Defendants cite two cases in which the Second Circuit affirmed denial of leave to amend following the dismissal of RICO claims although there had been no prior amendments to the complaints and no responsive pleadings had been served.*fn23 In the first, Hollander v. Flash Dancers Topless Club, 173 Fed. Appx. 15, 2006 WL 267148, at *19 (2d Cir. Feb. 3, 2006), the Court concluded that it was not abuse of discretion for the district court to deny leave to amend. Plaintiff in Hollander had filed a supplemental complaint prior to the district court's ruling that set forth in detail plaintiff's findings, which the court found showed that plaintiff had "put forward his best case for relief." Hollander v. Flash Dance Topless Club, 340 F. Supp.2d 453, 463 (S.D.N.Y. 2004). In Bozeman v. Rochester Tel. Corp., 205 F.3d 1321 (Table), 2000 WL 227500, *1 (2d Cir. Jan. 19, 2000), the Second Circuit concluded that the district court did not abuse its discretion in denying plaintiff leave to amend because the complaint and plaintiff's RICO Case Statement, submitted at the direction of the district court pursuant to a standing order, demonstrated only "billing disputes between plaintiffs and defendants, but no basis for claims under RICO." Id.

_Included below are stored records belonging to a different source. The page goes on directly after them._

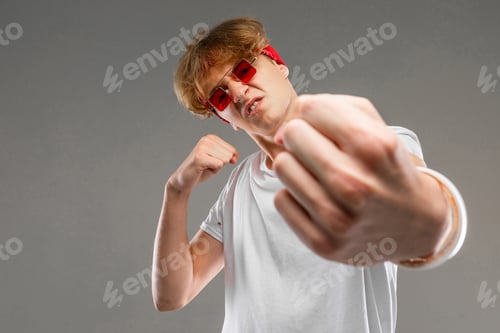 Preview: Young caucasian man in red sunglasses, white t-shirt posing on camera isolated on grey background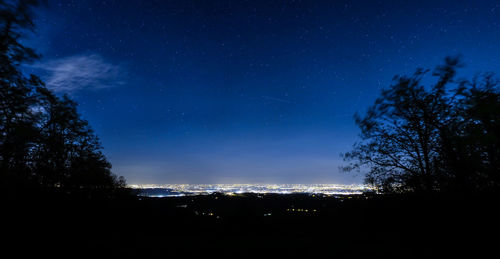 Low angle view of star field against blue sky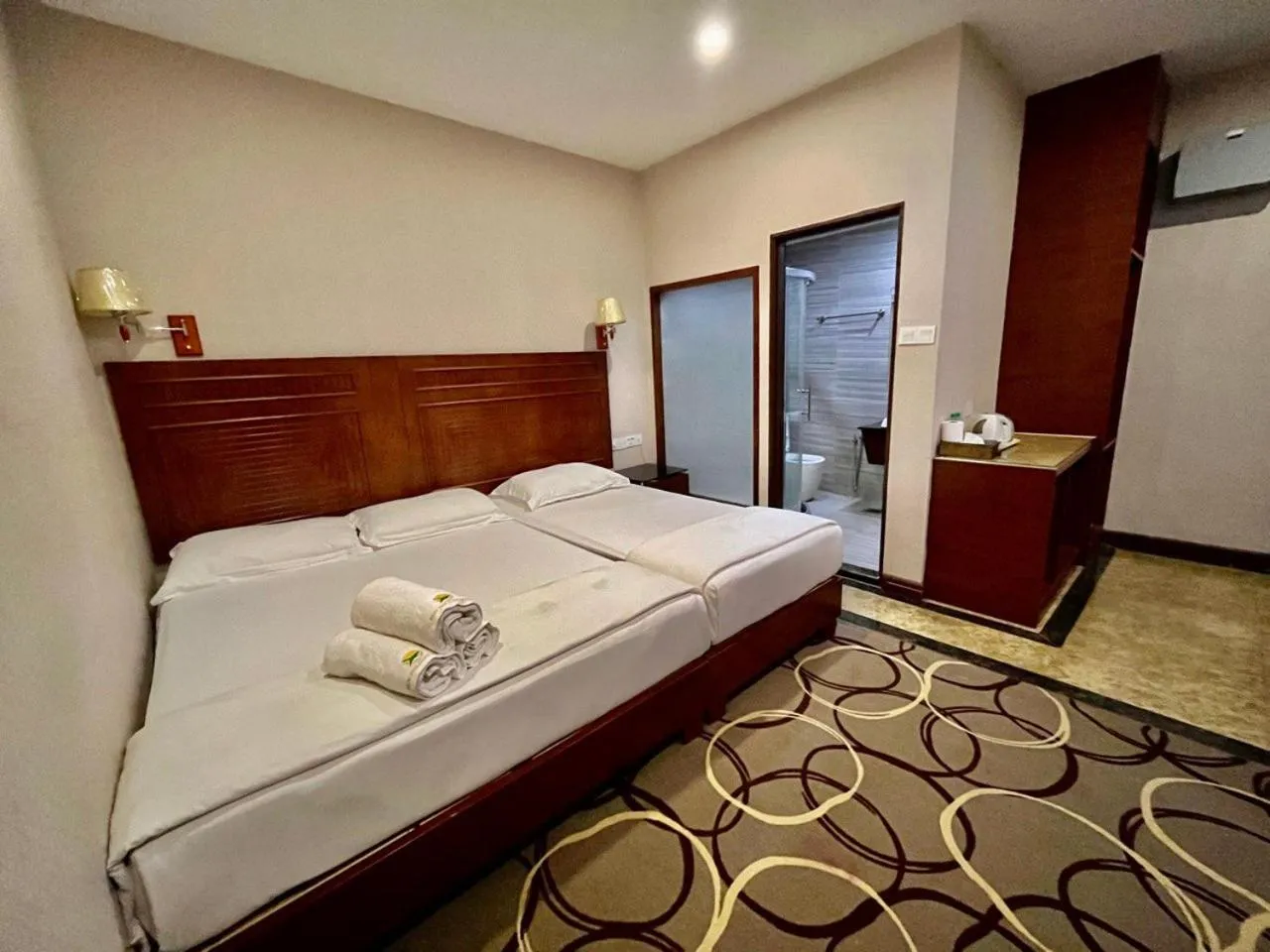 Bed in Fan Holiday Hotel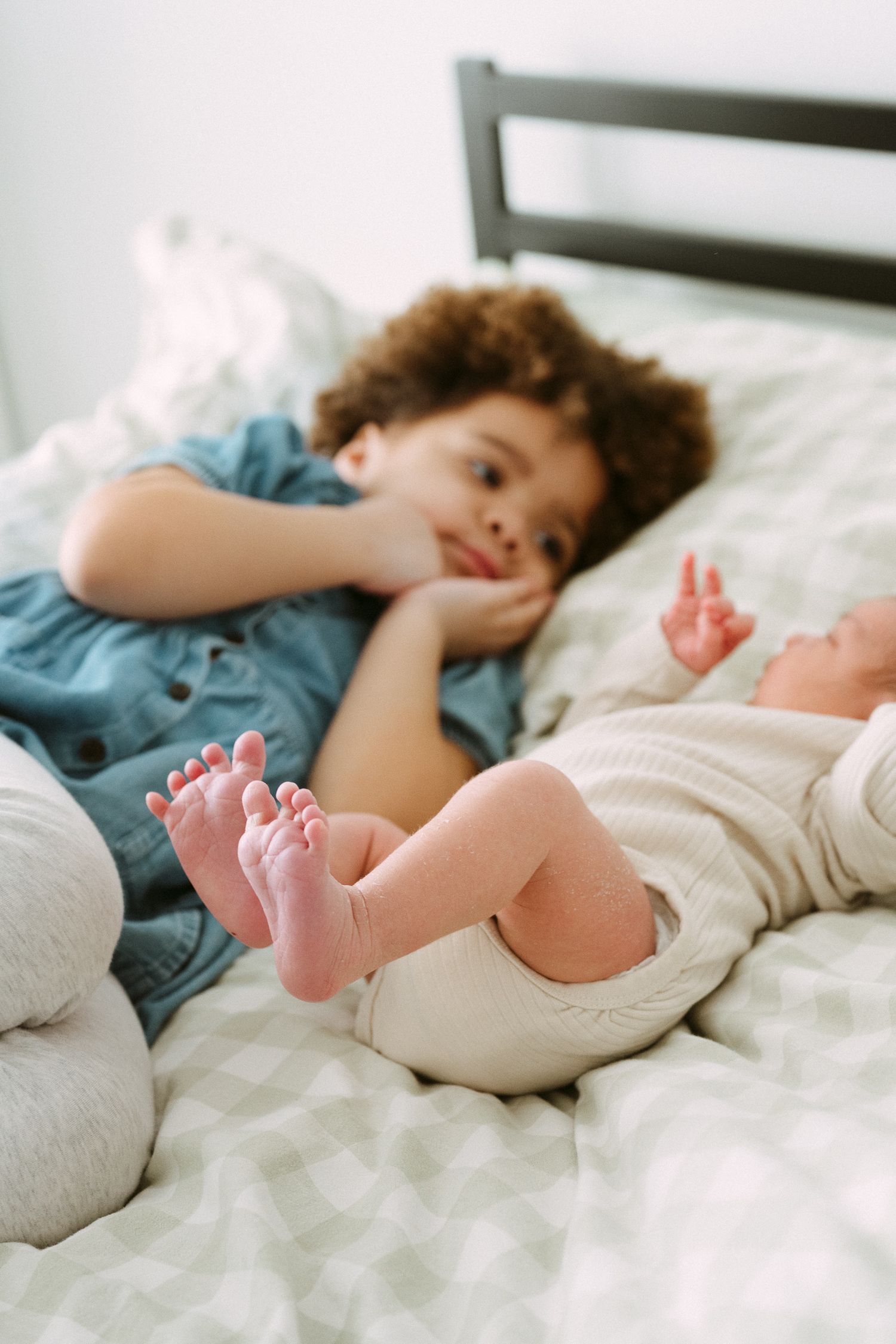 Close-up of a curly-haired child lying on a bed smiling at a newborn baby with tiny feet in the foreground.
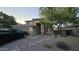 Charming two-story home with a well-manicured front yard and a two-car garage at 16046 W Hearn Rd, Surprise, AZ 85379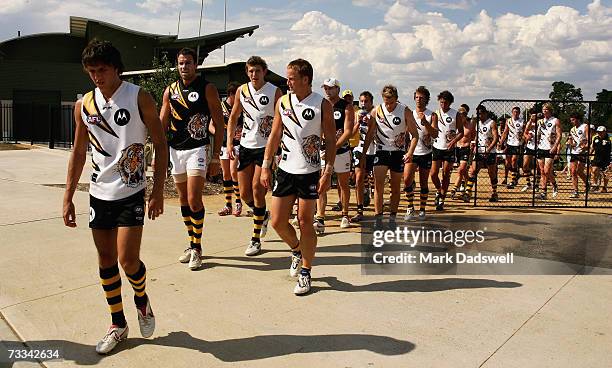 Richmond players walk to a food transport vehicle used to bring the players body temperatures down during the Richmond Tigers intra-club AFL match at...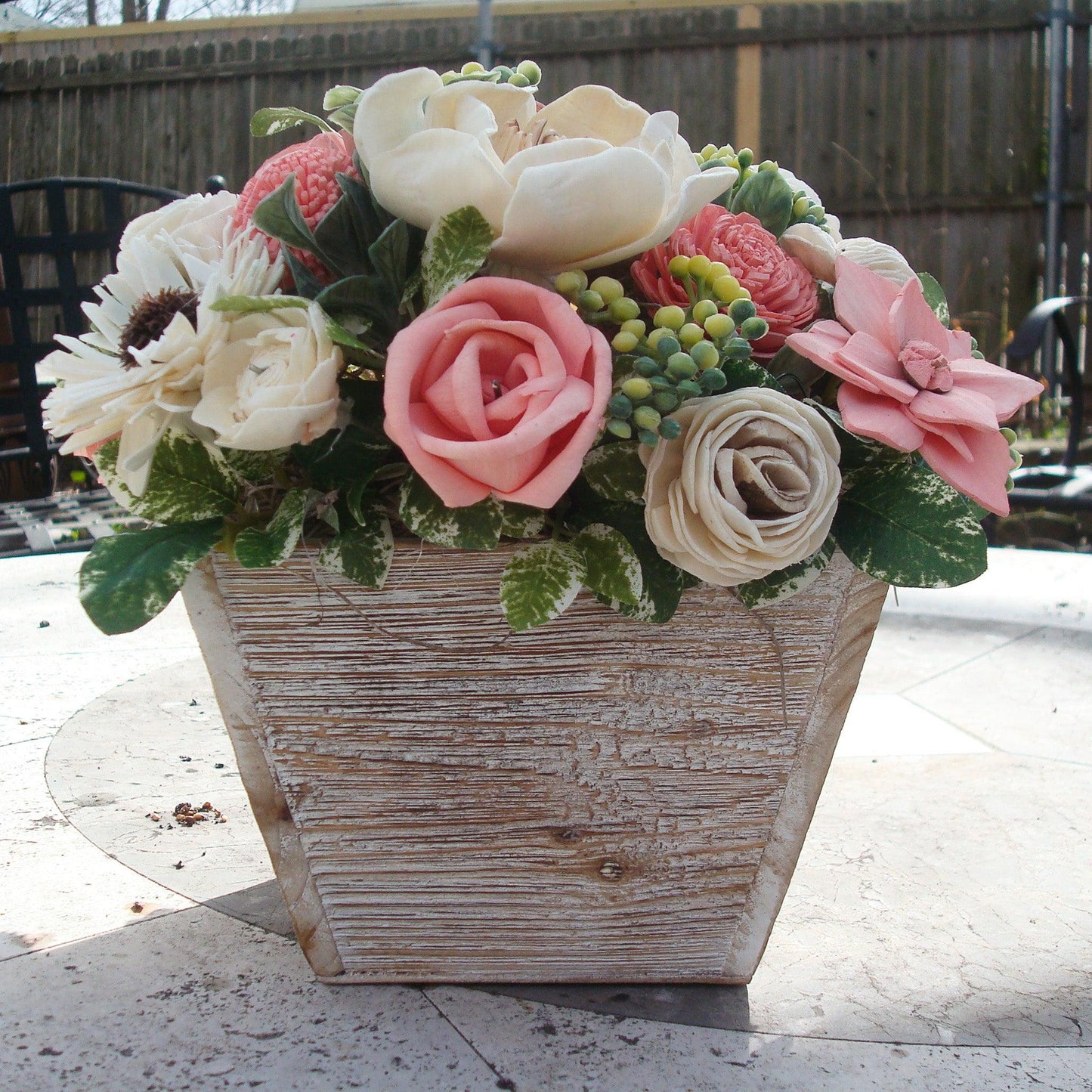 Pale pink in white Sola flowers in a  washed wood planter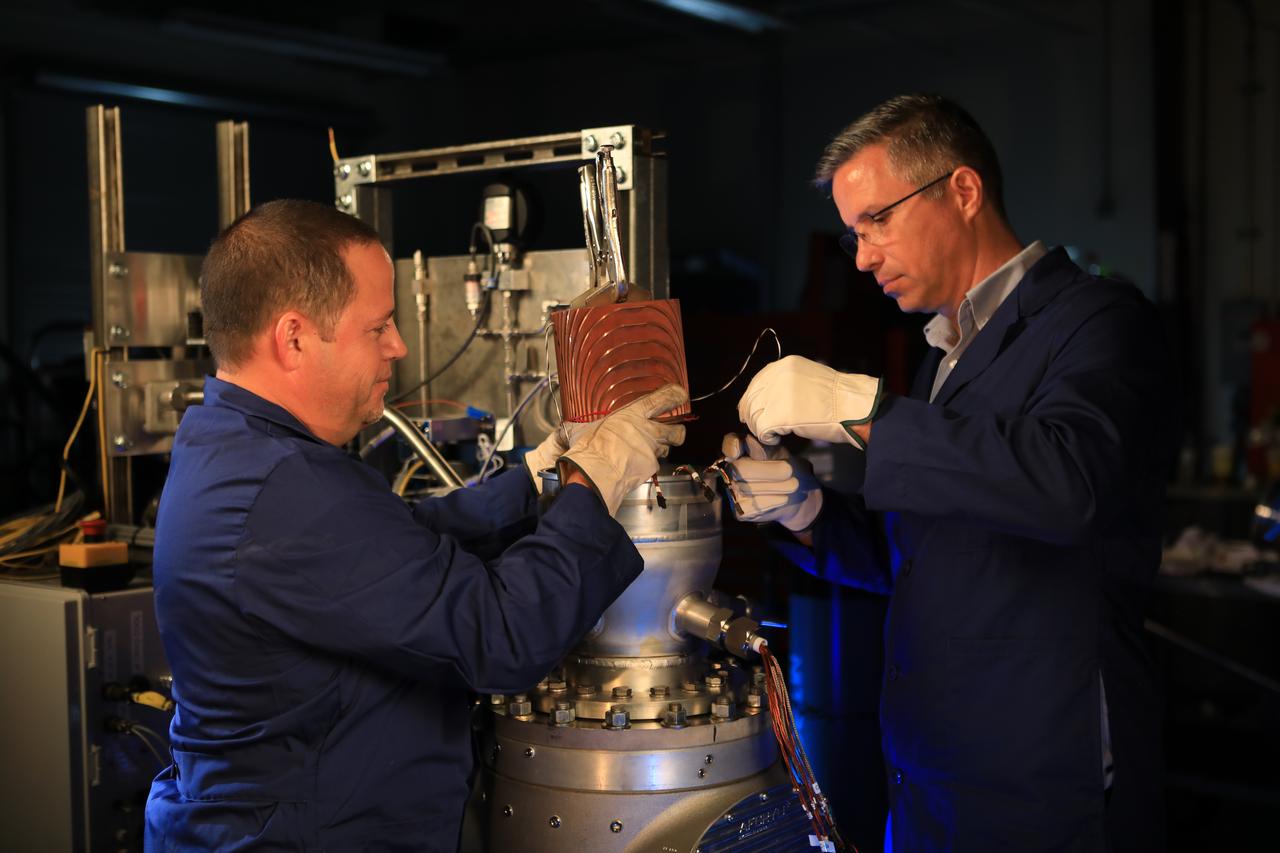 Mark Velasco (left) and Jared Sass assemble a custom cold heat exchanger for freezing carbon dioxide from a simulated Martian environment in the Cryogenics Test Laboratory at NASA's Kennedy Space Center on Mar. 20, 2019.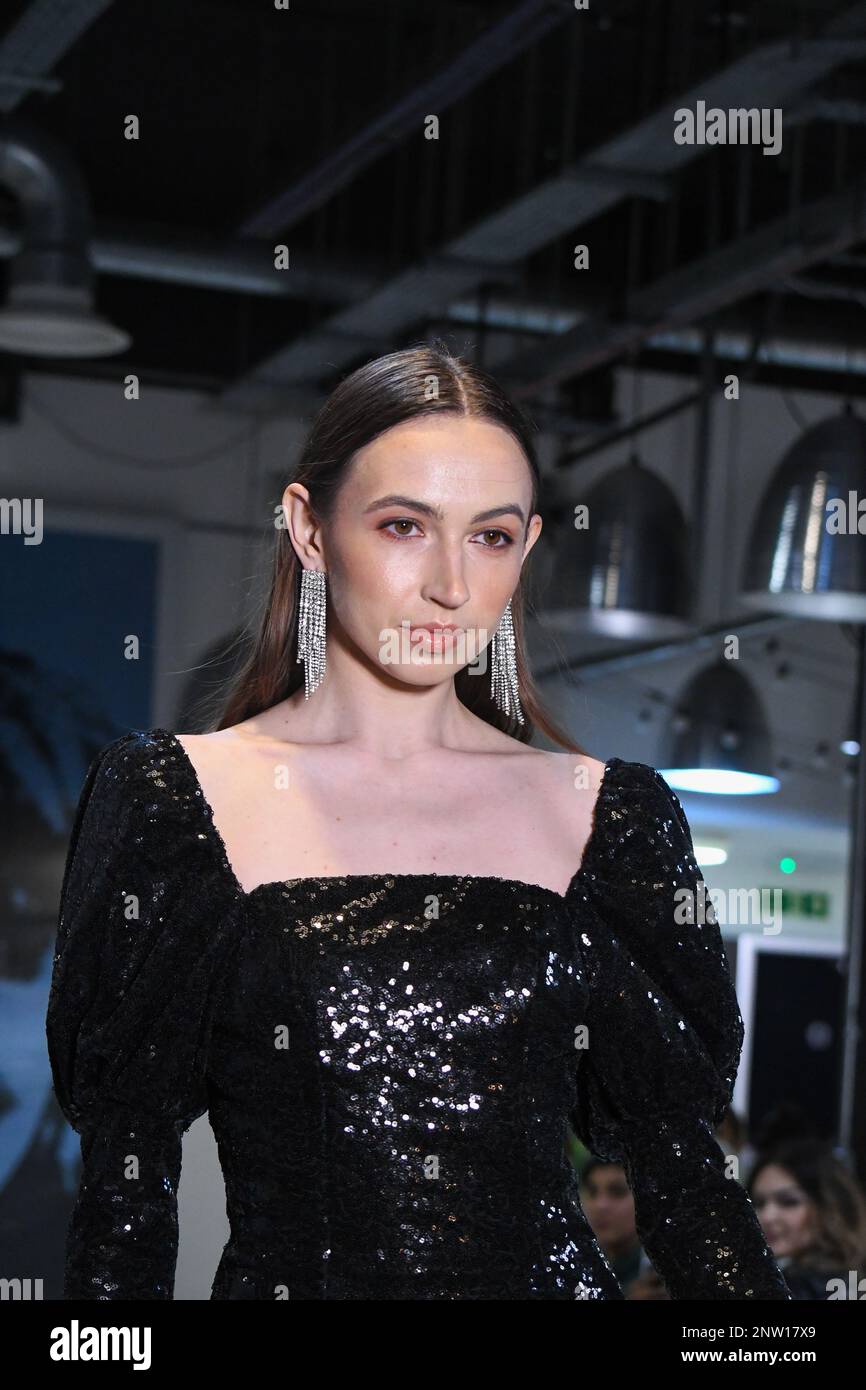 London, UK, 19th February 2023, LAN Fashion show was held in Croydon with London-based fashion designer Ettie. Ettie is a UK-based luxury handmade clothing brand founded by Juliette Stephenson. Ettie specialises in feminine party wear with pop colours and fun fabrics., Andrew Lalchan Photography/Alamy Live News Stock Photo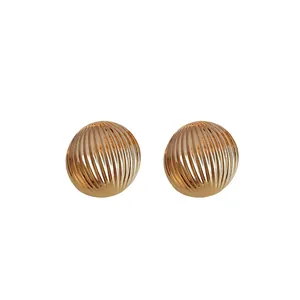 Elegant gold metallic striped round ball stud earrings with a chic minimalist design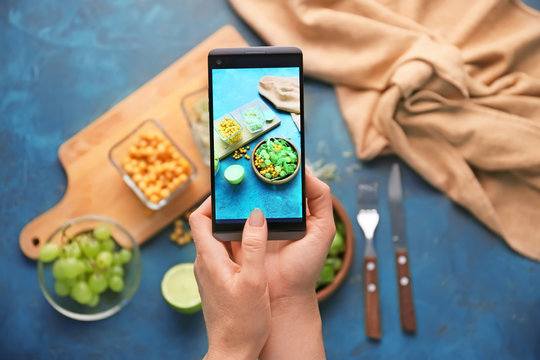 Woman taking photo of healthy salad with mobile phone, closeup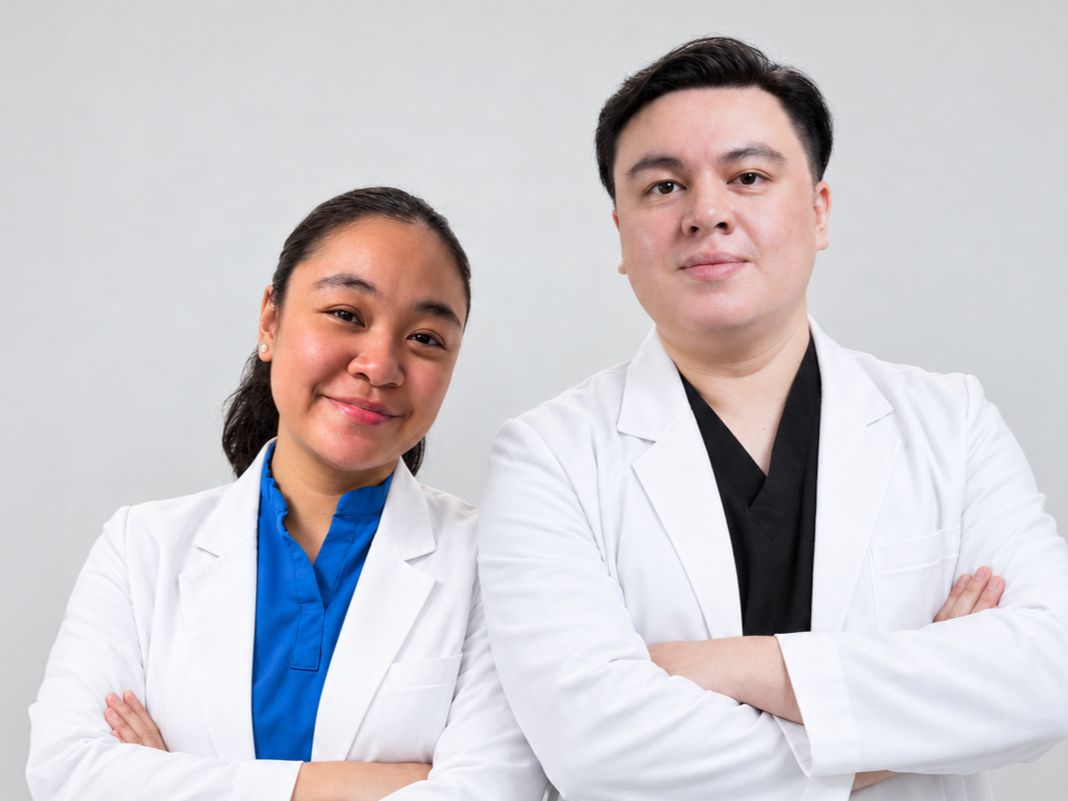 Two healthcare professionals, a woman and a man, standing with arms crossed in white lab coats against a plain light gray background.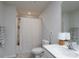 Bathroom featuring a toilet, shower with curtain and sink with vanity at 2932 Pirates Pl, Charlotte, NC 28216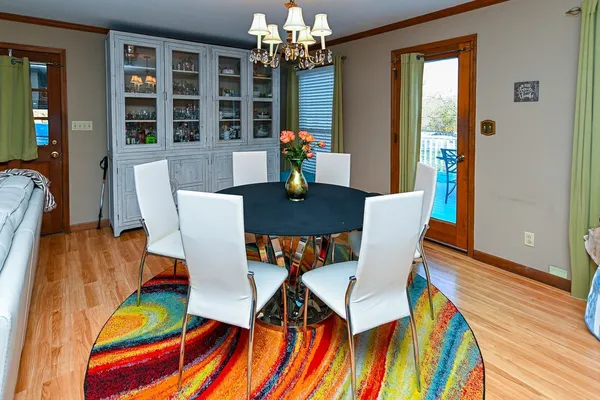 a view of a dining room with furniture and a potted plant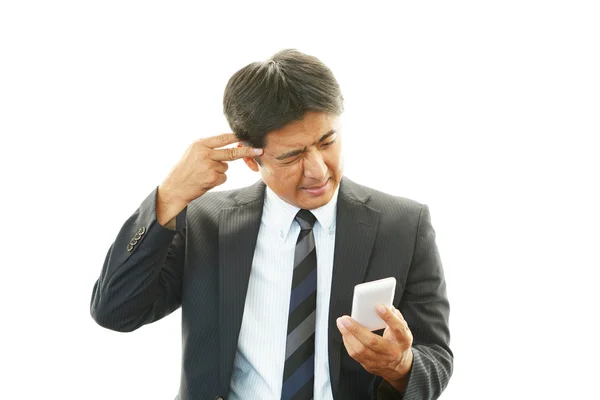 Depressiver asiatischer Geschäftsmann. — Stockfoto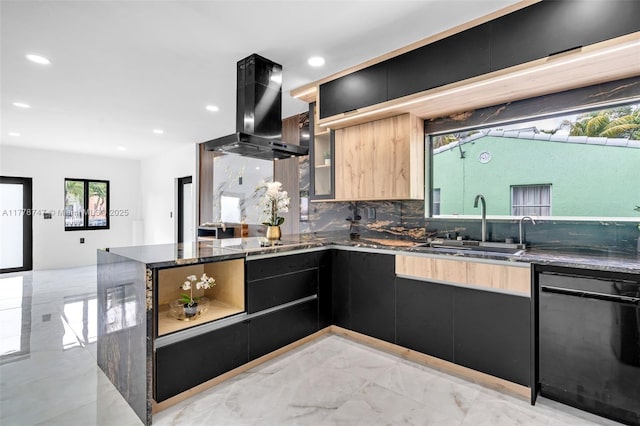 kitchen with dark cabinetry, dark stone counters, island range hood, and black appliances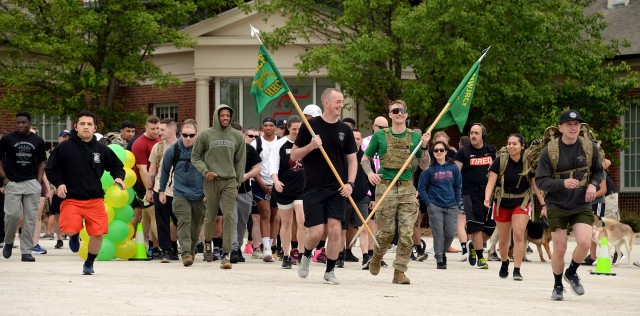 Guidon bearers Sgt. Daniel Hepburn, Headquarters and Headquarters Company, Midwest Joint Regional Correctional Facility Battalion (Corrections), and Staff Sgt. Andrew Snyder, A Company, MWJRCF, lead participants from the starting point of the Army...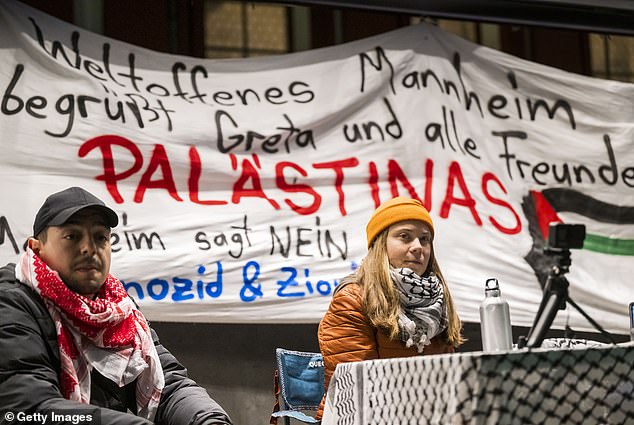 Greta Thunberg and German activist Hassan Ã-zbay (left) speak at a Palestine solidarity event in Mannheim, Germany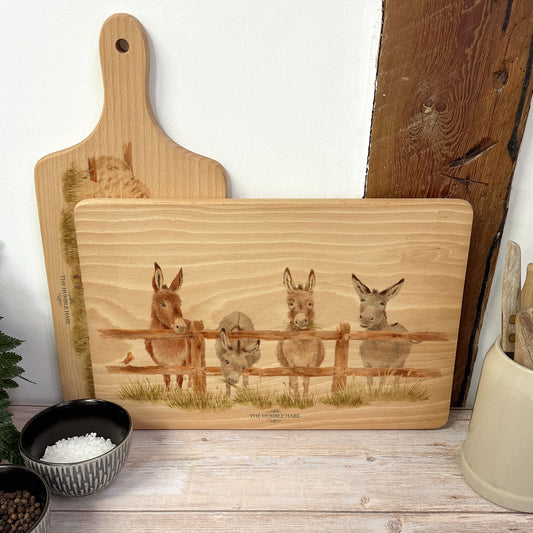 Rectangle wooden chopping board on a kitchen worktop. The beech wood board features  a watercolour design of cheeky donkeys peering over their fence.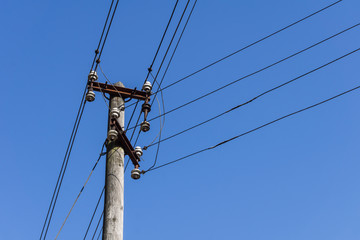 Wooden electric pole with wires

Although plaintiffs' complaint can hardly be said to have put forward the best case for relief, one is hard pressed to imagine how the deficiencies in the complaint could be cured by repleading. Plaintiffs' claims would properly sound in fraud, which, in the absence of diversity, must be brought in state court. Furthermore, plaintiffs have sought at least five consecutive adjournments of the argument on this matter.*fn24 Oral argument was originally set for June 25, 2008. Defendants have remained in limbo for eight months regarding a clearly deficient case. Leave to amend is, accordingly, denied.


For the reasons set forth above, plaintiffs' complaint is dismissed with prejudice. The Clerk is directed to transmit a copy of the within to all parties and the assigned Magistrate Judge.